Be at very nice steakhouse ($150/plate) w/ in-laws

>Be at very nice steakhouse ($150/plate) w/ in-laws
>MIL orders Prime Grade Prime Rib
>Complains that it is "very fatty, gross and not lean"
>Asks for Heinz 57 and slathers Prime Rib in it
>FIL orders "Extra well done" NY Strip
>Comes out as charred leather
>Complains it is "dry and chewy"

Whats your dining out horror stories w/ friends and family Veeky Forums?

>going to a nice restaurant with baby boomers
You brought this on yourself. If I walk into a new restaurant and see it full of elderly white people, I turn 360 degrees and walk away.

Prime Rib is fucking disgusting. I ordered it once and couldn't finish it, literally a block of fat.

>boomers at a restaurant
>even once

One time someone ordered a well done steak, took forever to cook it seemed. Went to put the plate in the window and the plate caught the flip lid on the cooler and the steak fell behind the cooler.
I get on all four grab it and wash it under the running water, back on griddle 30 seconds. ORDER UP!
IF you don't care about eating shitty well done steak, why should I care either?

What a tragedy.

never happened

Last night I walked past this construction site and one of the ad banners used the same stock photo set as the OP (same people/table but from another angle). Weird thing to notice, kek.

>MUH RAW SLOB OF MEAT

>MHMMM SO BLOODY AND CHEWY

>troll thread

>go to McDonalds with family
>let each person give order
>do you want an apple pie with that?
>after every person orders!
>pay for meal
>sit down
>whole family eats their apple pie first
>dessert before the main course?
>my family is a bunch of yokels
>cry myself to sleep that night

Vengece is served

not like they could taste it anyway

>at outback with family because I'm not going to go to somewhere good with them
>drinking Jim beam
>brother asks me what to get to drink I order him the same thing I'm having
>coughing and complaining it's too strong
>I jokingly say "I forget you're not a man" he's openly gay
>mom chuckles
>he gets a blue coconut cocktail or something
>I get the ribeye med rare
>have to search for edible portions of it
>seasoning is shit
>cooked mediocre
>poor wine selection
>knife isn't sharp
>out of Jim beam but decently drunk at this point
>had to actually pay for that crap food

motherFUCK outback.

Order burgers at shitty chains, they can't fuck it up.

TRIGGERED

>poor """""people""""

This has every experience I've ever had at Outback, almost word for word.
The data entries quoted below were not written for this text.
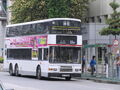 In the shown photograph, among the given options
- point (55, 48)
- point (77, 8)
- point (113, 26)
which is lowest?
point (55, 48)

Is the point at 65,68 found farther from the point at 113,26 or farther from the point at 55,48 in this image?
the point at 113,26

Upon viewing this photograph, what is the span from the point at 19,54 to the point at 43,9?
41.6 ft

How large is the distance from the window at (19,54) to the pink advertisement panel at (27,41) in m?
0.40

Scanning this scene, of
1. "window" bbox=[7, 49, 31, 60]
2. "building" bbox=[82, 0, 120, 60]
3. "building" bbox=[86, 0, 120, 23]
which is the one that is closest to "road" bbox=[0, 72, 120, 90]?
"window" bbox=[7, 49, 31, 60]

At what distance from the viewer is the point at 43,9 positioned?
151 feet

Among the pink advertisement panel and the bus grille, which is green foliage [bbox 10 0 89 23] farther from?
the bus grille

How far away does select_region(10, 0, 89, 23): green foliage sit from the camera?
45312 mm

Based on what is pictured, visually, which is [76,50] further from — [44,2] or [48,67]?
[44,2]

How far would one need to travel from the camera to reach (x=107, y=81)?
2966 cm

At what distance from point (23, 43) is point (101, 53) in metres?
10.4

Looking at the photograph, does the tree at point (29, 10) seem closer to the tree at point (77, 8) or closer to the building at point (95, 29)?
the tree at point (77, 8)

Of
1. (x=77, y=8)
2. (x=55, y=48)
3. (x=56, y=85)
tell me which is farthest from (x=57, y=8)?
(x=56, y=85)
I unfortunately have a friend and he and his wife for some reason seem to think Outback is like the pinnacle of dining. I even went once with them and her parents for a Sunday dinner to get the prime rib. It was probably the worst prime rib I've ever had. It was flavorless and tasted almost watery, had literally no seasoning at all. The best part though was when her dad ordered the prime rib and didn't realize it would be rare. He got his plate and proceeded to flip his shit about Outback trying to poison him with bloody meat and demanded that they bring it to him well done instead.

I had to have quite a few drinks to deal with that shit show.
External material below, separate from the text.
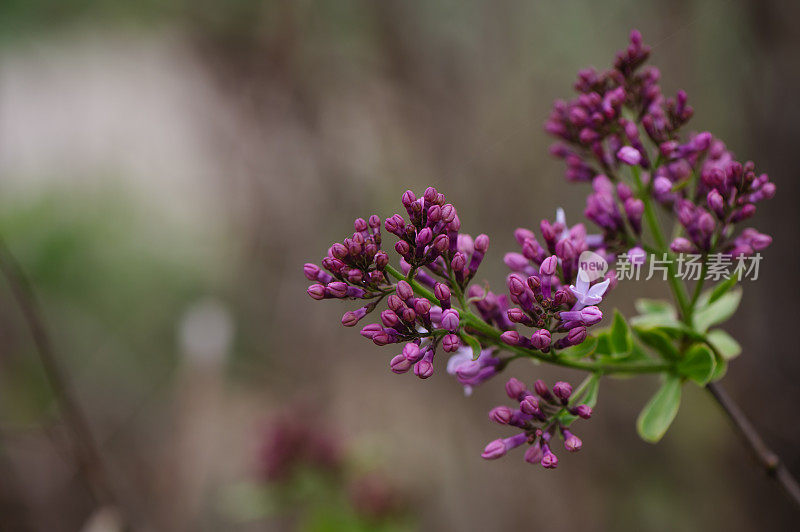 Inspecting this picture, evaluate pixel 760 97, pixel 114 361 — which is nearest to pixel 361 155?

>go to longhorn steakhouse with my father occasionally
>nothing special, we just like to get together and bond
>every time we go there when the waitress asks how he wants his steak, he says "as rare as you're allowed to cook it"
>the waitress brings back a literal piece of raw meat each time

>Out at dinner my parents
>Order a bunch of food
>Complaining right off the bat about shit
>Order food
>Not 2 minutes pass
>Try to engage on conversation
>They are looking at everyone else, complaining how the bread isn't here yet
>5 minutes pass
>Complaining about why food isn't here
>Food gets here
>Try to restart conversation
>They are complaining about minute details with the food
>Question if they can ever actually enjoy a meal out
I love my parents to death but I honestly hate going out to eat with them.

My gran would complain to the waiter or send something back no matter where we went, even to places she frequented all the time. EVERY TIME.

I've known people like that before. No matter where you go, they always complain about the most inane shit. It's like they're only happy if they can find something to complain about and find a way to shit in someone else's hat.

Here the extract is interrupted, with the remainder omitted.